Alternative newspaper publishing might seem more like an anachronism than a workable business plan, yet since March, 2015 we in the Akron, Ohio area have been blessed with a vibrant, funny, and locally engaged alt-tabloid that is shining a light on our arts and music scene in a way that’s long been lacking.
Thirteen issues later, The Devil Strip is already a part of our regional character. Print publishing may indeed be a risky venture (it’s been accurately postulated that the quickest way to make a small fortune in publishing is to start with a large fortune), but visionary publisher Chris Horne clearly saw that the alt-newspaper is not only the traditional publication-of-record for under-appreciated countercultures, it’s also the surest way to bring those cultures into the local mainstream.
A “devil strip,” for those outside the knowing Akro-sphere, is that narrow grassy swathe ‘twixt the sidewalk and the road—Clevelanders laughably and mistakenly call it a ‘tree lawn.’ Its infernal etymology is unclear but local legend declares it a uniquely Akron epithet. In fact there’s an old story, probably apocryphal, that has a kidnapping somewhere out west solved by a linguist, who identifies the culprit as a transplanted Akronite thanks to instructions in the ransom note to leave the loot “on the devil strip.”
“Devil strip,” then, is a silly little term that, thanks to its assumed exclusivity, has morphed into a weird point of local pride. The Devil Strip, on the other hand, is far from silly—it’s quirky and serious in turn, as occasion demands. More importantly, it too has become a point of pride thanks to its whole-hearted embrace of local culture, music, and arts. The city, in turn, has embraced it right back. Here’s hoping this group hug continues on for years and years….

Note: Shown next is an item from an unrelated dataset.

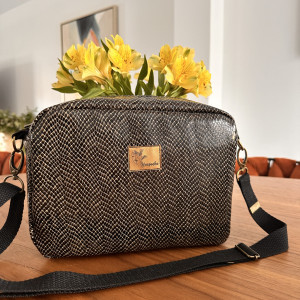 Listonoszka beżowa, Torebka skóra węża, mała listonoszka beżowa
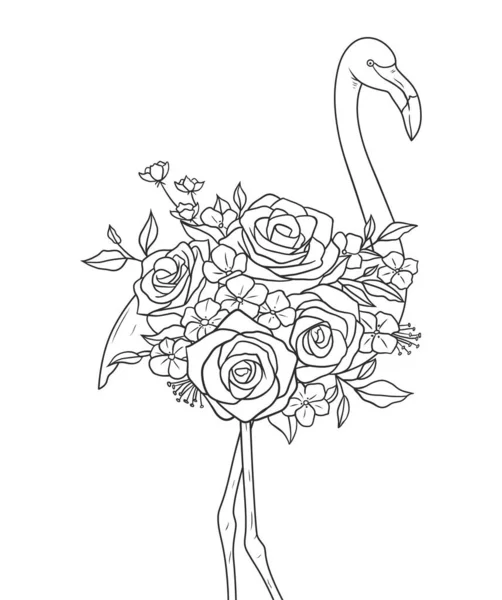 Flamingo Vogel Mit Floraler Herzlinie Kunst Vektor Illustration — Stockvektor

Chris Horne, publisher and mastermind behind The Devil Strip, graciously lent me a bit of his time to discuss his work, its meaning and its future, and the thriving local arts scene that gets his ink flowing:
What is the Devil Strip? (Is it a magazine? A tabloid? A love-letter to Akron culture?)
I like that “love-letter to Akron culture” as a motto. Yeah, it’s a tabloid-sized magazine, an arts n’ culture alt-monthly. Just depends on my mood that day. Sometimes I call it “the paper” and sometimes I call it “the magazine.” Really, what we’re doing is pretty different from the alt-weeklies most people think of when they see something in this format. The big thing is that we’re a community magazine, both in content and concept. Building community is our mission. We haven’t exactly hit what we’re trying to become, but we’re getting there.
How many times this week has someone told you “Print is dead”? What drew you to a medium that conventional wisdom says is endangered?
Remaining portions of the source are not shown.